[ACTIVITY]: The lines to be extracted begin at the line containing "229 Big Bend" and end at the last line of the data below; copy them exactly and leave out the pictures.
(Beginning of RECORDS FOR THIS TASK)
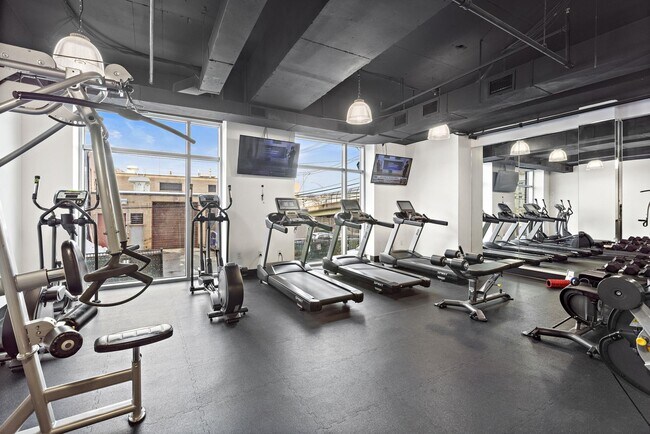 Building Photo - 1700 Park Ave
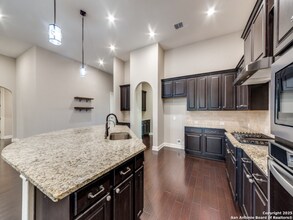 229 Big Bend Path in Castroville, TX - Foto de edificio - Building Photo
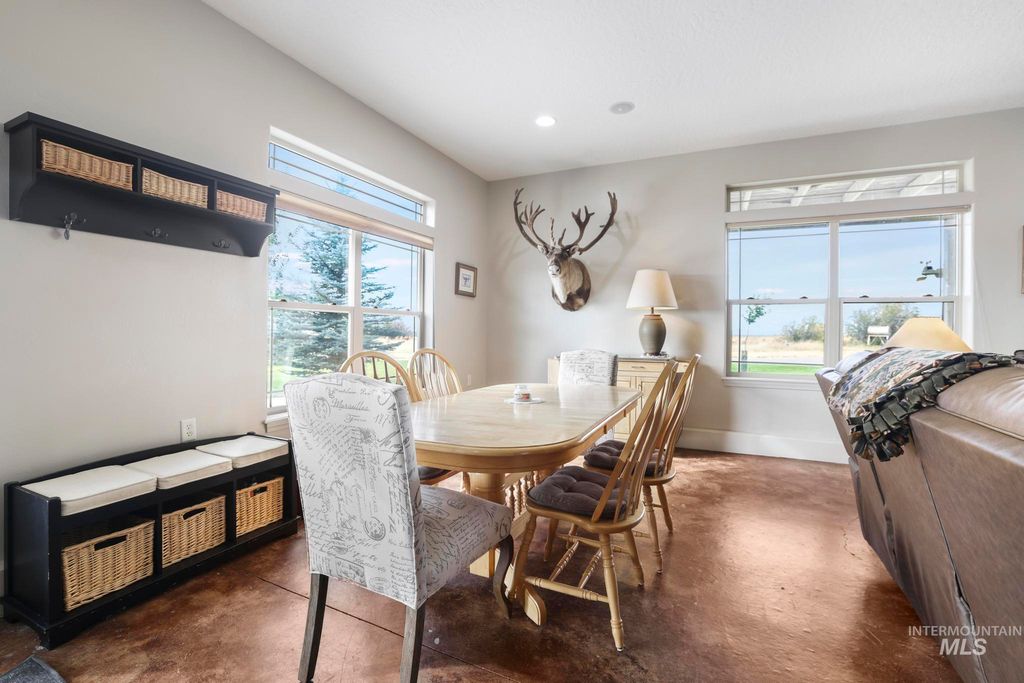 103 Horseshoe Loop, Fairfield, ID 83327 photo 5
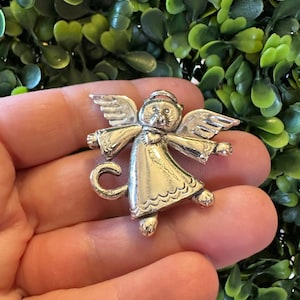 Vintage Jewelry Brooch Adorable Cat Angel Silver Tone Pin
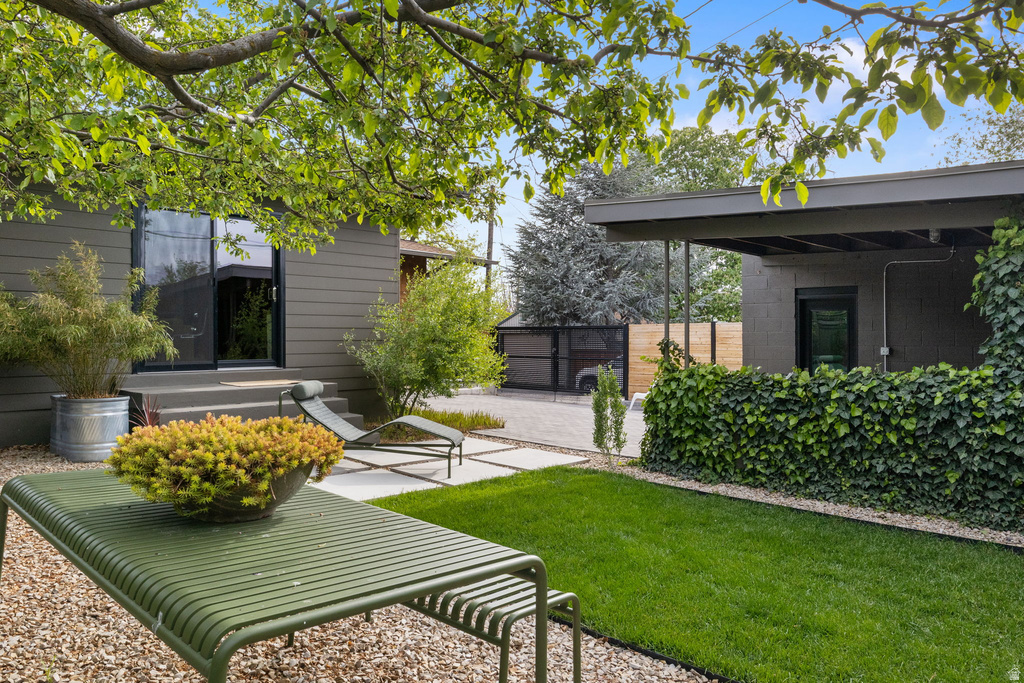 1249 E CRYSTAL AVE South Salt Lake, UT 84106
(End of RECORDS FOR THIS TASK)
[EXERCISE OUTPUT]:
 229 Big Bend Path in Castroville, TX - Foto de edificio - Building Photo
 103 Horseshoe Loop, Fairfield, ID 83327 photo 5
 Vintage Jewelry Brooch Adorable Cat Angel Silver Tone Pin
 1249 E CRYSTAL AVE South Salt Lake, UT 84106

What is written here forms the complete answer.